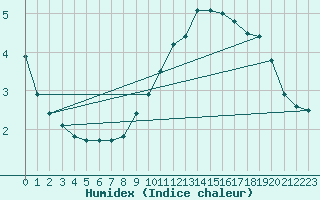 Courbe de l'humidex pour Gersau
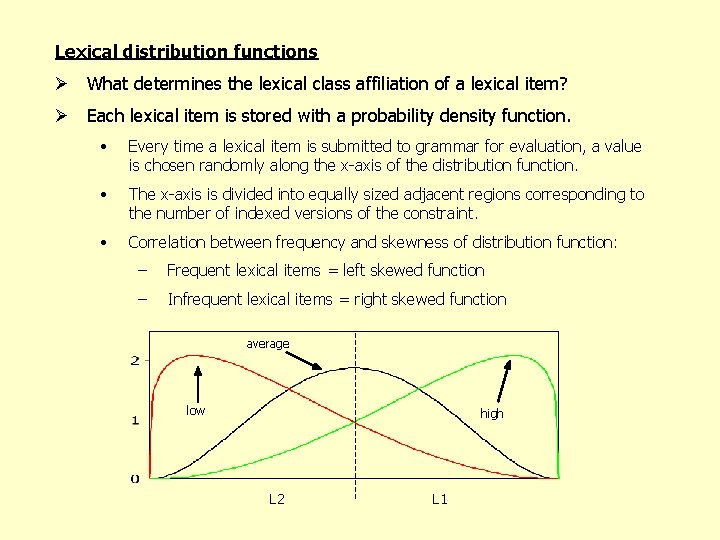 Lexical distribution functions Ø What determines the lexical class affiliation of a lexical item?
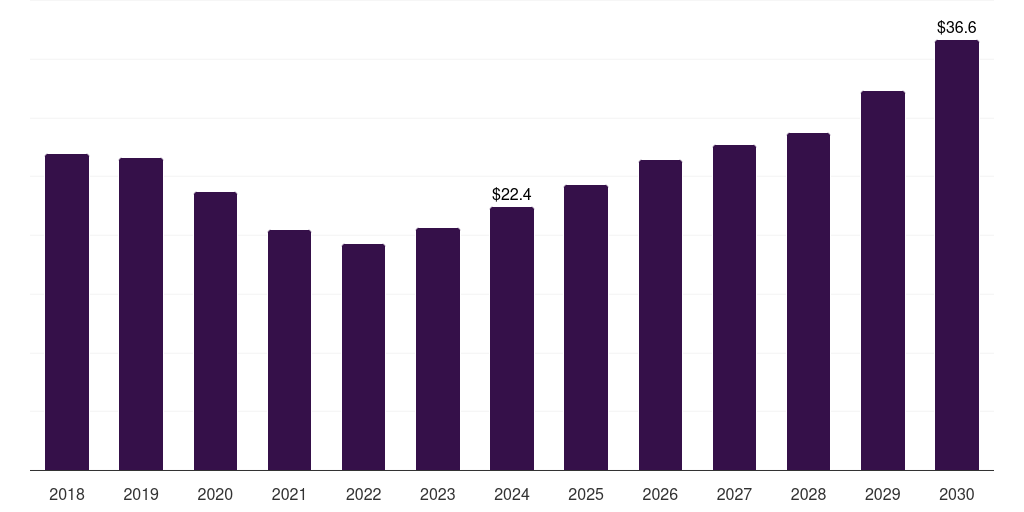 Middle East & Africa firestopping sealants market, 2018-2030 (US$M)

---

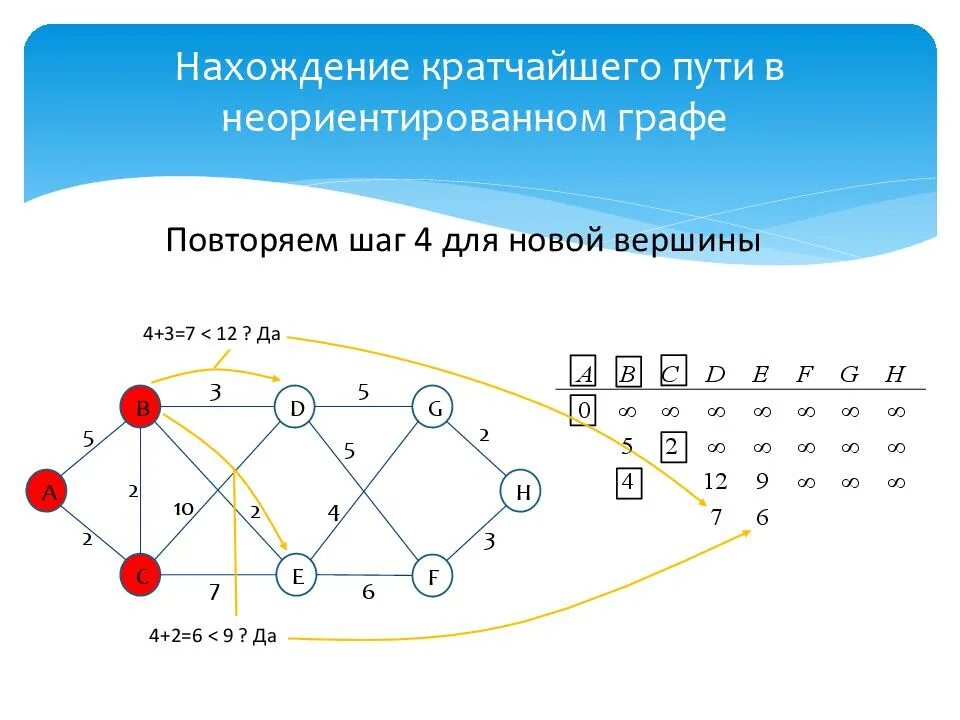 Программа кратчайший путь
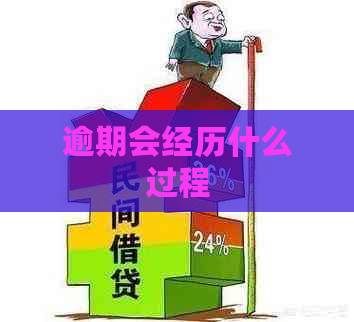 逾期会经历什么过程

---

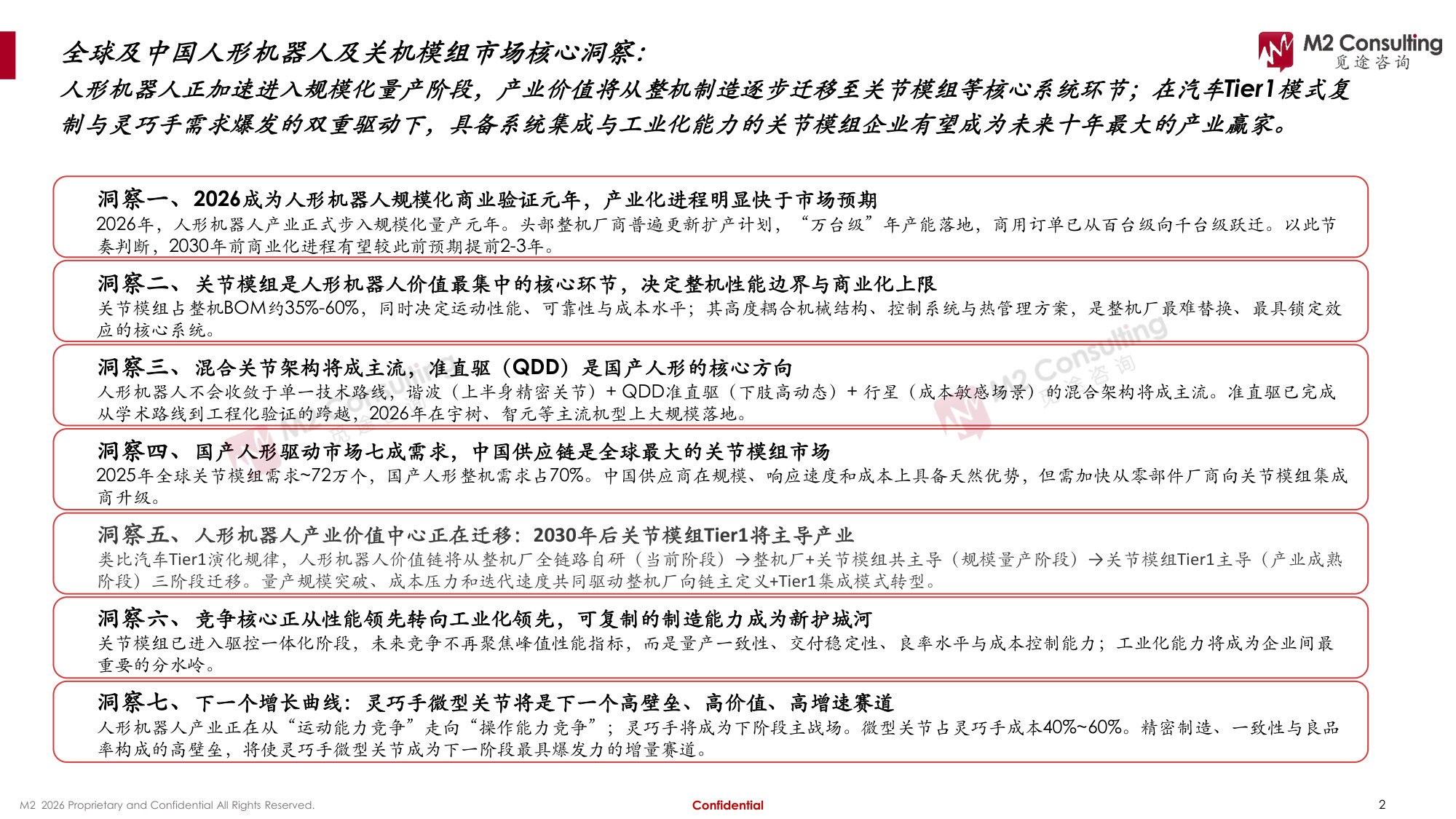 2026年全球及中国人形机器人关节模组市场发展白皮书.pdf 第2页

▶ _TRY IT_
Output exactly the stretch of the listing that begins at the line containing "Courbe de l'humidex pour Gersau" and ends at the line containing "Middle East &", both kept. Omit pictures and everything else.

▶ _WRITTEN SOLUTION_
 Courbe de l'humidex pour Gersau
 Lexical distribution functions Ø What determines the lexical class affiliation of a lexical item?
 Middle East & Africa firestopping sealants market, 2018-2030 (US$M)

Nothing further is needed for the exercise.